• YOUR TASK: Return every line below exactly as written.

── GIVEN MATERIAL

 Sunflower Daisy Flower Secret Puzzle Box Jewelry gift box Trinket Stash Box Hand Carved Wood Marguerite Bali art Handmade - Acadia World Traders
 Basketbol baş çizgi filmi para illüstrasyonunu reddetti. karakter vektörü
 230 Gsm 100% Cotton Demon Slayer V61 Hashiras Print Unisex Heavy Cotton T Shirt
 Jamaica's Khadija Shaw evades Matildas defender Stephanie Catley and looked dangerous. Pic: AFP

────

• EXERCISE RESULT:
 Sunflower Daisy Flower Secret Puzzle Box Jewelry gift box Trinket Stash Box Hand Carved Wood Marguerite Bali art Handmade - Acadia World Traders
 Basketbol baş çizgi filmi para illüstrasyonunu reddetti. karakter vektörü
 230 Gsm 100% Cotton Demon Slayer V61 Hashiras Print Unisex Heavy Cotton T Shirt
 Jamaica's Khadija Shaw evades Matildas defender Stephanie Catley and looked dangerous. Pic: AFP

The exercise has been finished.